Fortunately, John Wick 2 is still a really good action flick, albeit above average.

The standout element here is the richly detailed hitman underworld. In every scene, we are let in on some secrets of how the Continental works, how the members network between each other, how hits are made, and checks and balances are kept. It's endlessly fascinating and for me was more entertaining than the action segments or plot. John Wick 2 is nothing if not oozing with incredible world building. It's simply unmatched, but without it I feel it wouldn't be able to peak its head above the crowd. Regardless, there's nothing quite like it in any other film of its ilk. The rules of the game unfold scene after scene and we're invited to wonder when, how, or where these rules could be broken and at what stakes. Maybe we don't quite have a beating heart at the center of this shoot 'em up, but we certainly can get lost in the atmosphere.

The first act didn't do much for me until its close. I wasn't engaged in the film until then when his past is thrown in his face which somewhat indirectly introduces Common's character, Cassian, who proves to be a formidable combatant against Wick. While the  beef with Cassian was my personal favorite conflict in the film, Wick's other foes in the sequel aren't nearly as nuanced as Cassian or his peers and villains of the first. Viggo and his wretched son, Iosef, were loaded with color and purpose. The same could even be said of Perkins, another "mini boss" from John Wick (2014), who proves rather deadly against Wick. Unfortunately, the collage of "red shirt" villains in the sequel aren't up to snuff and can make for some unmemorable combat.

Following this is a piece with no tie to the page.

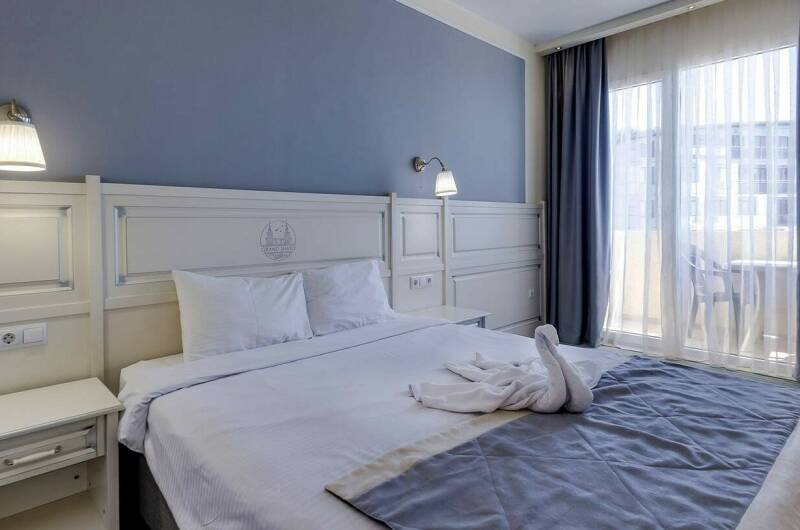 Семейный 2-х комнатный:№ 301(арка), 406(изолиров.)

Despite this, the cinematography in John Wick 2 cranks the color and dynamism up just a notch. The action is often framed a little further away which allows us to wash in the glow of revolving beams of light, mirrored walls, and musty catacombs. This also affords a better feet-on-the-ground perspective of a lot of the action. It often seemed like director, Chad Stahleski, wanted the audience to feel like they were standing right there in the chaos with the best angle possible. Set design and costuming, likewise, were just as tasty. Each scene, every corner, character, object, and room felt alive with mood. It's clear that an awesome level of care went into crafting each visual nuance of John Wick 2.

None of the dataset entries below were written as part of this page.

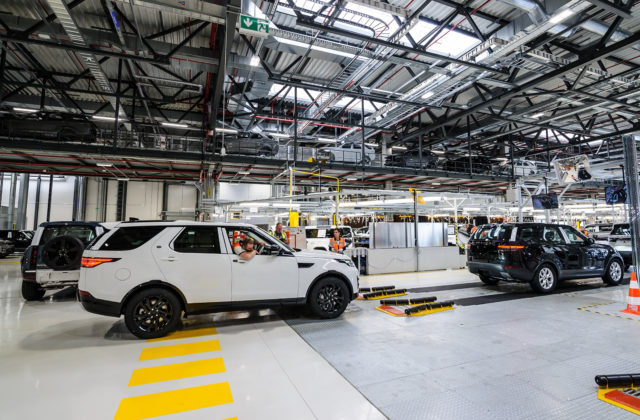 Jaguar Land Rover rozšíri v Nitre výrobu, štát jej dal pre výstavbu novej haly zelenú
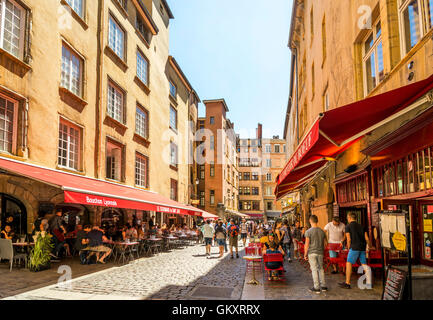 Lyon 5e arr. Ristoranti a Place Neuve Saint-Jean sulla Città Vecchia di Lione città. Rhone-Alpes. Francia Foto Stock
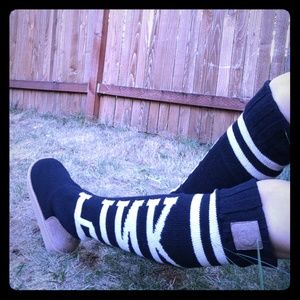 Pink VS winter mukluk boots size 5/6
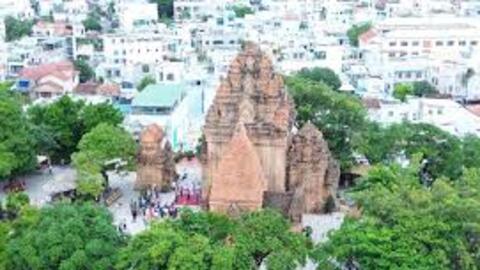 Tạo sức sống mới cho di sản văn hóa Chăm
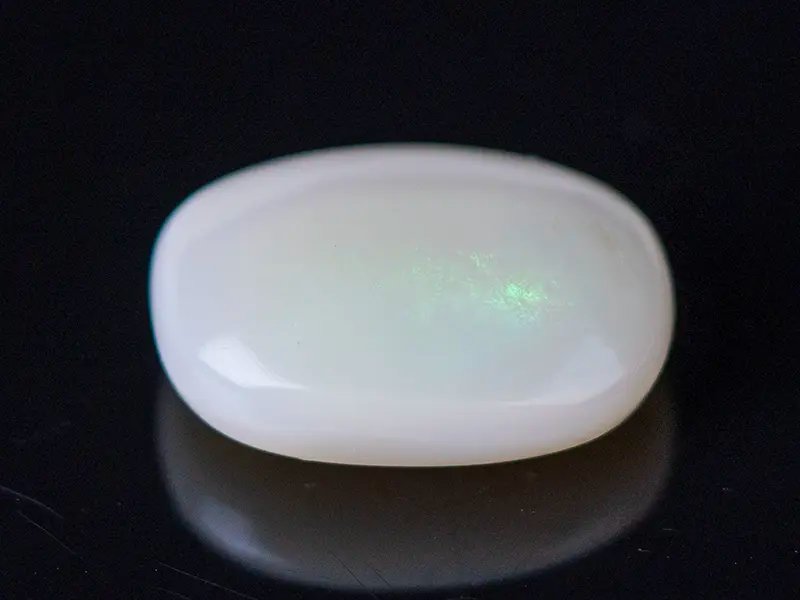Australian White Opal (Doodhiya Patthar) 9.46 Carat (10.39 Ratti) — Rainbow Fire / Play-of-Colour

"Did I leave all 84 of my guns in the car?"

But what did we come here for? We want to see John Wick absolutely break bones, choke people with his legs, and fire pinpoint lead into all of their faces. Your 10 dollar ticket, popcorn, and liquid diabetes will get you all of the above, and a near endless train of it running from beginning to end of this sequel. For most audiences, this will surely be enough to satisfy. For me, however, it lacked a lot of the power and invention of the first film and had me counting the bodies until something unique happened -- which certainly does here and there. Without spoiling anything, there is some beautiful fan service that will have you cheering at some gruesome and slick deaths, but it's too few and far between. Where the original sets a precedent of purpose for every bullet and punch of each integral scene, John Wick 2 can feel masturbatory more often than I'd like. A few scenes go on far too long for the sake of shooting more stuff. It seems Stahleski ran out of ideas and figured the average viewer wouldn't care. The action choreography, while it has its fair share of ferocious moments, rests on the shoulders of its predecessor too comfortably giving us little to heighten the tension or grab us by the eyes and make us scream with delight at the exquisitely crafted violence. In 2014, John Wick did just that.

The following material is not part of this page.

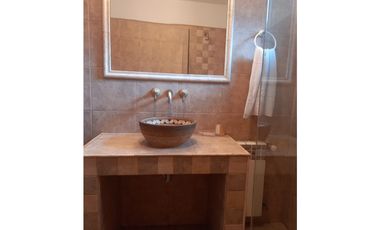 SE VENDE CASA DE DOS DORMITORIOS EN MAYU SUMAJ A METROS DEL RIO
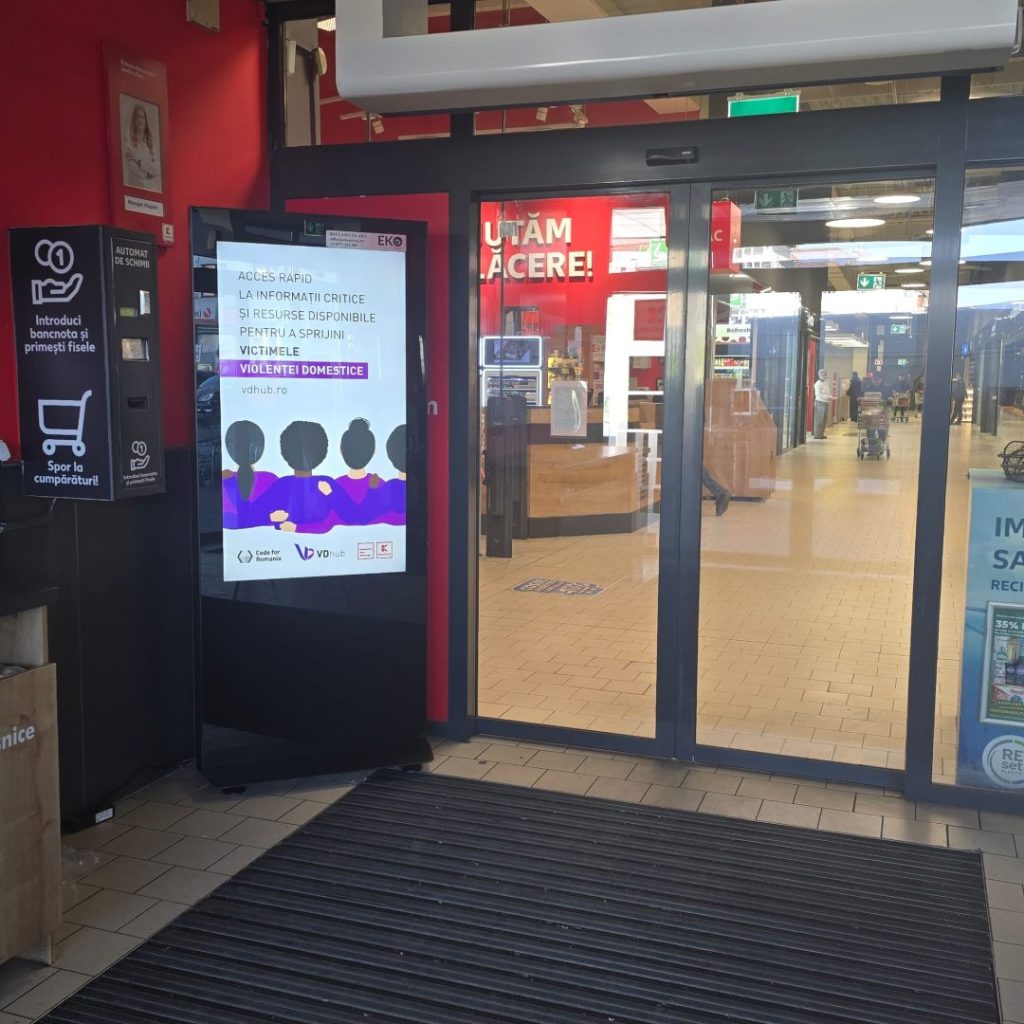 Reteaua-Digitala-Indoor-DOOH-KAUFLAND-Ramnicu-Valcea-8211-Str.-Gib-Mihaescu-2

I do, however, appreciate that they didn't go full James Bond with it and put Wick in a helicopter or have him trying to disarm nukes or something equally ridiculous. Stahleski keeps the action grounded and personal just like it should be, but I was hoping for more. This franchise deserves better than this. This is John f**kin' Wick, man. This should not be played safely. I'm already bracing myself for the "If it's not broken, don't fix it" critiques of my own opinion. That's a fine attitude to have if that's what you're looking for in this sequel, but coming from a bleeding heart fan of the original, I was a little let down. I did still enjoy it quite a bit and will without question be purchasing the disc the day of its release for what is likely to be many rewatches. I hope I can come away from multiple viewings appreciating it more. For everyone else, please see John Wick 2 as soon as you can and let's get this 3rd film in theaters sooner than later because by the end of it, you're going to be dying to see what in the hell John Wick is going to do now.